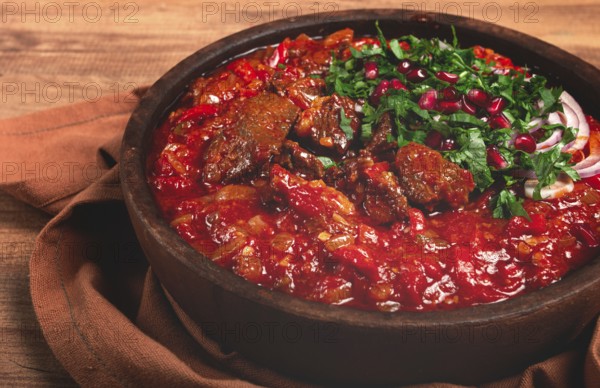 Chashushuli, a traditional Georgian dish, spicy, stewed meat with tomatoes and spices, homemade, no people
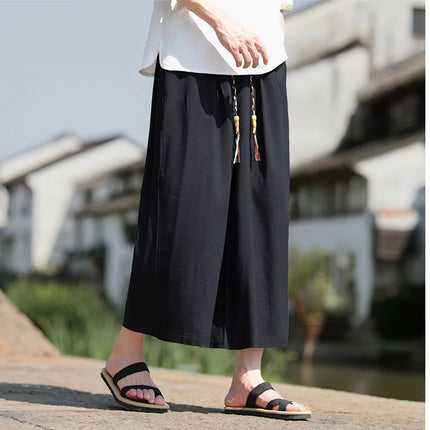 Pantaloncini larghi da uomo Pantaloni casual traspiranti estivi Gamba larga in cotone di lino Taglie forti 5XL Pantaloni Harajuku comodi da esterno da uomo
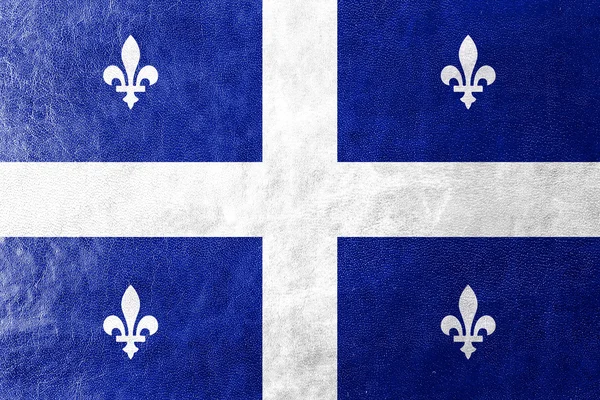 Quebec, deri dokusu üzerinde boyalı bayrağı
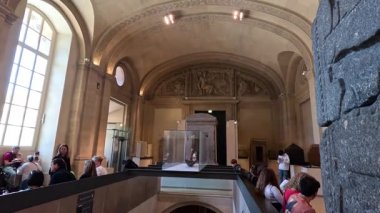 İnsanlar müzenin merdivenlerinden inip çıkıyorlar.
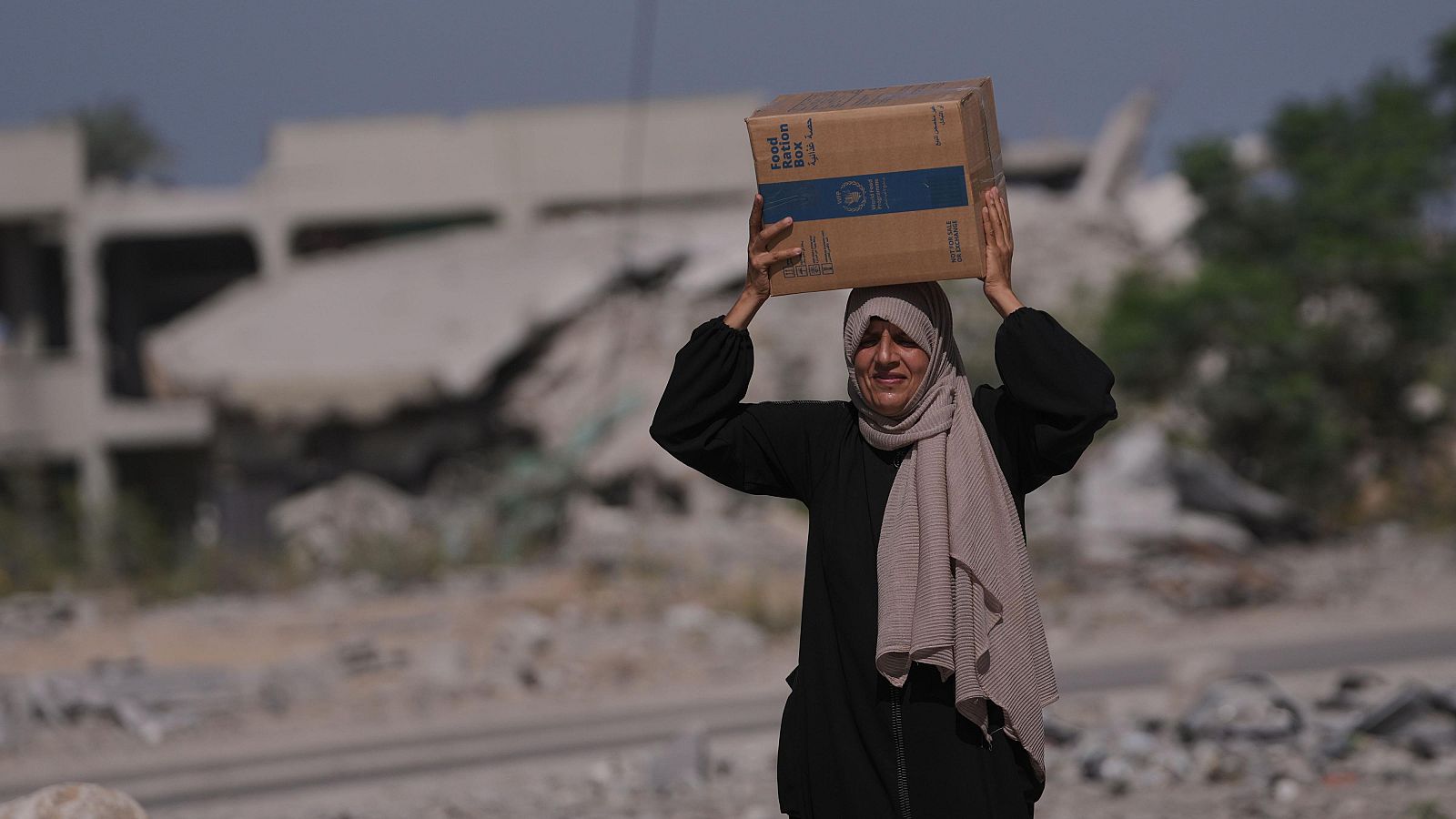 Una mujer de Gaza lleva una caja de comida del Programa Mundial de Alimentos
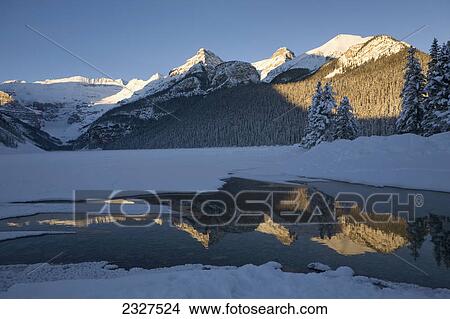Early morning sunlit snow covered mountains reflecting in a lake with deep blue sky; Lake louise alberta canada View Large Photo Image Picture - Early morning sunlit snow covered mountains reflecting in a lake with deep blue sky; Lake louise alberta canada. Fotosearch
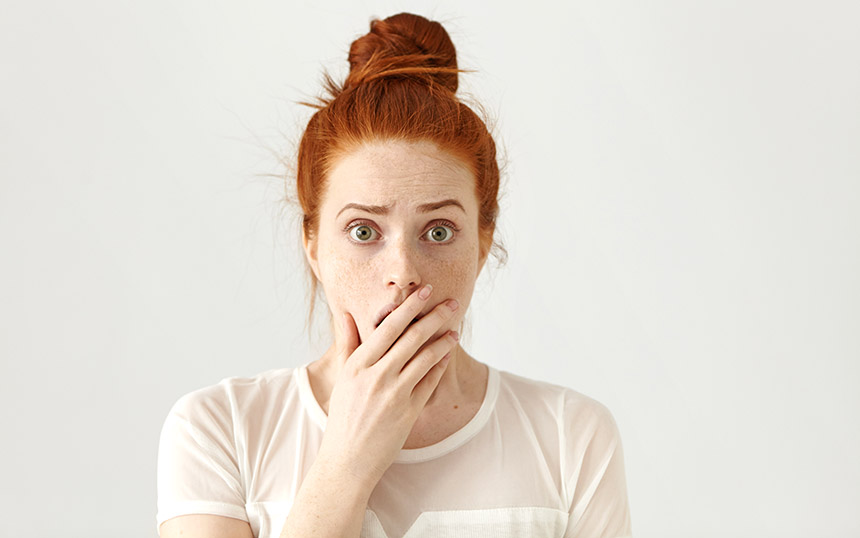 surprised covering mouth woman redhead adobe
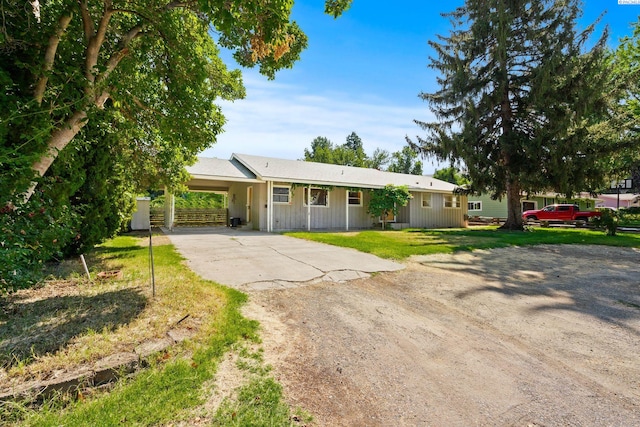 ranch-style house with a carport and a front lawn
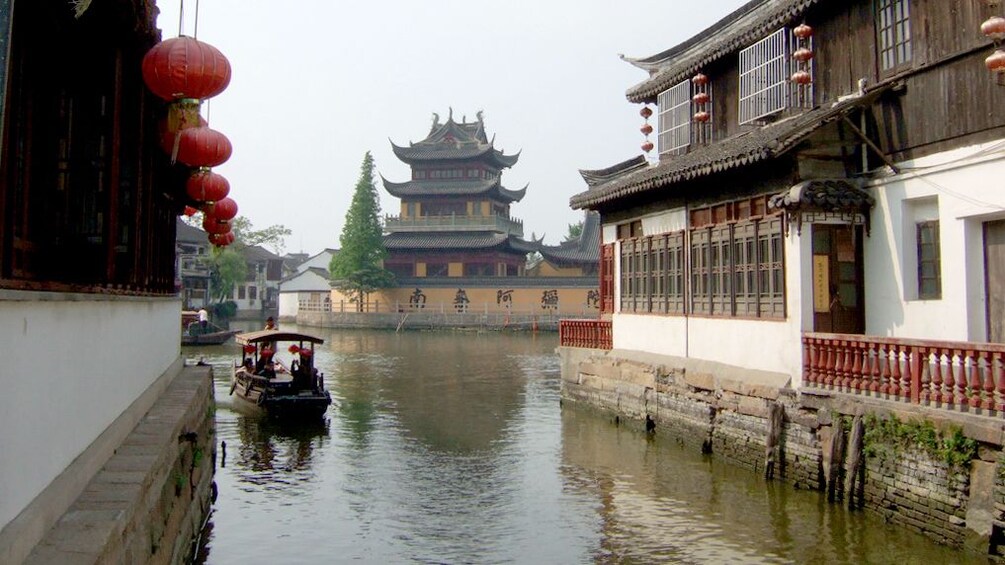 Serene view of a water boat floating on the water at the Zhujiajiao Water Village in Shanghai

────

● Exercise description: Copy exactly the lines that run from the line containing "İnsanlar müzenin merdivenlerinden" to the end of the data above, keeping both end lines and leaving out all pictures.

● Solution for this problem:
 İnsanlar müzenin merdivenlerinden inip çıkıyorlar.
 Una mujer de Gaza lleva una caja de comida del Programa Mundial de Alimentos
Early morning sunlit snow covered mountains reflecting in a lake with deep blue sky; Lake louise alberta canada View Large Photo Image Picture - Early morning sunlit snow covered mountains reflecting in a lake with deep blue sky; Lake louise alberta canada. Fotosearch
 surprised covering mouth woman redhead adobe
 ranch-style house with a carport and a front lawn
 Serene view of a water boat floating on the water at the Zhujiajiao Water Village in Shanghai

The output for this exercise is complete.